Seorang dosen dituntut untuk berorientasi memberikan pengetahuan kepada mahasiswanya, sedangkan di satu sisi, seorang mahasiswa dituntut untuk menggali ilmu pengetahuan. Maka, tujuan dan kepentingan pribadi dalam kegiatan pembelajaran harus kita singkirkan. Seperti keinginan untuk memperoleh jabatan dan kekayaan semata harus kita kembalikan ke esensi inti yakni pembelajaran.
2. Penelitian dan Pengembangan
Pengetahuan yang diperoleh melalui pembelajaran harus diterapkan untuk mengkaji permasalahan di masyarakat dan dikembangkan untuk kemajuan bersama. Tidak hanya teori, namun penerapan ilmu pengetahuan adalah hal yang penting dalam pendidikan tinggi. Akademisi dituntut untuk selalu meneliti dan mengkaji permasalahan di masyarakat, sekaligus menawarkan alternatif solusi, bukan malah sebaliknya menjadi pemicu permasalahan kesenjangan di masyarakat melalui tindakan penyelewengan wewenang.
Seorang akademisi harus mengembalikan posisinya sebagai seorang problem solver di masyarakat. Sekalipun ia mengemban jabatan eksekutif di kampus, ia juga harus berkontribusi dalam pemecahan masalah di masyarakat, melalui pengembangan ilmu pengetahuan. Begitu pula pada mahasiswa, mereka juga dituntut akan penelitian dan pengembangan ilmu yang mereka peroleh semasa kuliah, tidak hanya sekadar menumpang ijazah saja. Pengembangan ini tentunya akan relevan dengan poin Tri Dharma Perguruan Tinggi selanjutnya, yakni Pengabdian kepada Masyarakat.

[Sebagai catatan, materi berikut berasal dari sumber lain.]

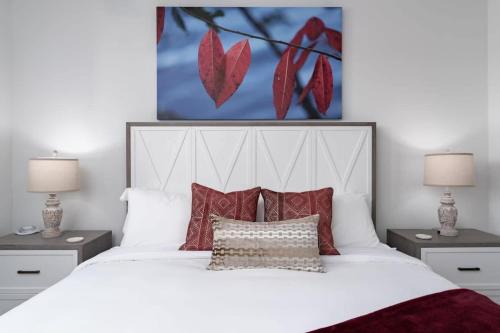 a bedroom with a large white bed with red pillows at Brand new Apt Oak Mt St Park Lots of Amenities in Pelham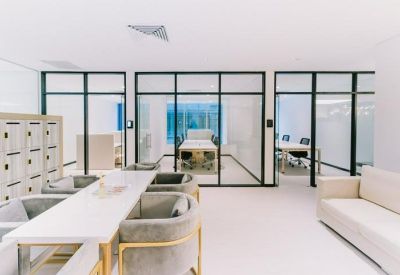 Bright breakout space with a long white table, soft sofa, and glass partitions.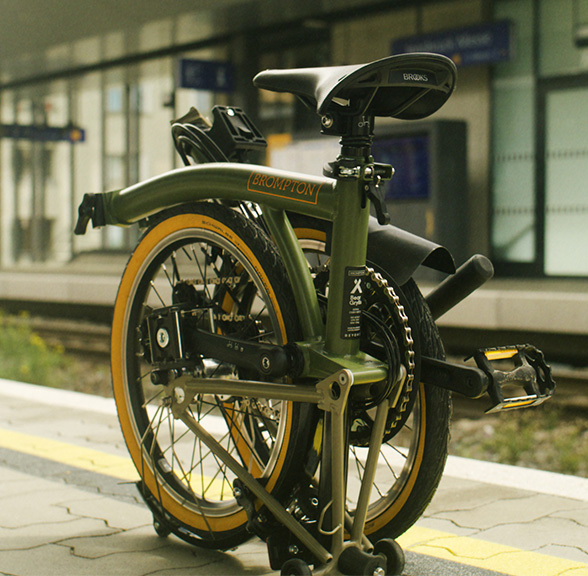 The Brompton x Bear Grylls bike folded waiting at the train station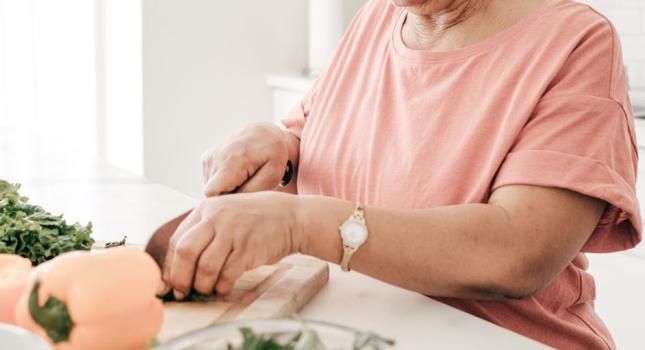 elderly lady cutting vegetables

Ilmu yang dipelajari sekaligus dikembangkan oleh para akademisi adalah demi kebermanfaatan masyarakat bersama. Akademisi sejatinya memiliki tugas untuk mengabdi kepada masyarakat untuk membangun kemajuan bersama sesuai dengan disiplin ilmu yang mereka pelajari. Ilmu yang didapatkan tidak hanya dimanfaatkan untuk kepentingan individu saja, melainkan harus ditularkan kepada masyarakat demi kesejahteraan. Sehingga sekali lagi, menjadi akademisi bukan untuk mengejar jabatan dan menumpuk kekayaan, melainkan ilmu yang kita dapatkan harus bermanfaat bagi orang banyak.
Demikian renungan yang dapat menjadi introspeksi kita bersama. Harapannya dengan ini tugas seorang akademisi akan kembali menjadi seorang abdi masyarakat yang senantiasa mewujudkan kesejahteraan orang banyak.